Me gustaría finalizar este breve análisis señalando algunos hechos que deberían crear gran consternación entre quienes están preocupados por el futuro de la religión en el mundo occidental. Lo que hemos examinado debería abrirnos los ojos a una realidad peligrosa que se pasa por alto con demasiada facilidad: la infiltración incógnita del budismo en el pensamiento contemporáneo. Pero es un budismo despojado de sacralidad, despojado de belleza, despojado de misterio, despojado de cualquier sentido de tradición. La historia nos enseña que las ideas erróneas son contagiosas y las verdaderas no. Parece legítimo temer que la ideología budista esté formando cada vez más la mentalidad de nuestra sociedad secularizada.
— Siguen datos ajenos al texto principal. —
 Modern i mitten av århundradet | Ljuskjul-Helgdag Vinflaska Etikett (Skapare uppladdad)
Se necesitan algunos ejemplos. Me limitaré a los más obvios. Hemos visto que, de hecho, el budismo niega la existencia de la persona. El mundo occidental ha sido infectado por este peligroso error hasta tal punto que muchas personas niegan la diferencia esencial de naturaleza entre el hombre y los animales. (Peter Singer, ahora profesor en Princeton, defiende los “derechos” de los animales).
Salvamos especies en peligro de extinción y simultáneamente matamos a millones de bebés. No es casualidad que nuestro Santo Padre siga insistiendo en la dignidad de la persona humana; sabiamente se da cuenta de que se está librando una guerra contra la enseñanza bíblica sobre el origen y el destino del hombre.
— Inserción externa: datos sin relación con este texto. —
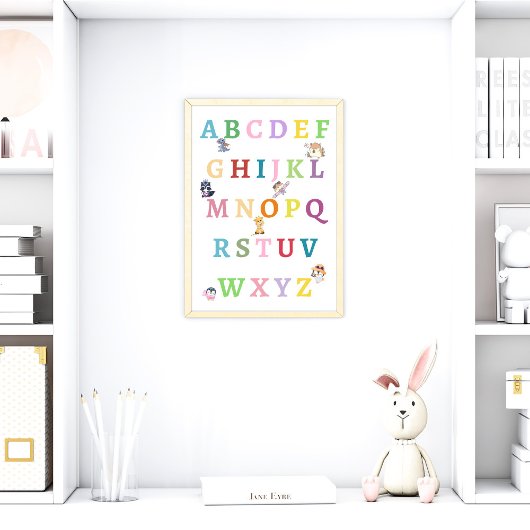 Kute Animals Alphabet Baby Nursery Poster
Pero la influencia incógnita del pensamiento oriental va más allá y más profundamente. El valor histórico del Antiguo y Nuevo Testamento se cuestiona cada vez más, y la persistente búsqueda de Rudolph Bultmann de “desmitificar” los libros sagrados es un intento de reducir la enseñanza histórica de la Biblia a un tejido de atractivas leyendas. En algunos seminarios se enseña que la Inmaculada Concepción de María, su virginidad, la Resurrección y Ascensión de Cristo son meras “interpretaciones” dadas por creyentes que, de hecho, no tienen fundamento histórico. De este modo se borra la diferencia entre libros sagrados y seculares. Cuán peligrosa y tendenciosa es la afirmación de que el contenido del Apocalipsis puede reducirse a “leyendas”, de la misma manera que la vida de Buda es en gran medida leyendas. Éstos son sólo algunos indicios que exigen un análisis en profundidad de esta cuestión que dejo para quienes están mejor equipados y son más competentes que yo.
Conviene terminar citando a Agustín, quien formuló admirablemente la abismal diferencia entre quienes identifican el amor con la compasión y quienes ven que el amor tiene su fuente en Dios mismo. Escribe: “Al eliminar la miseria, acabaremos con las obras de misericordia. ¿Pero se apagará así el fuego del amor?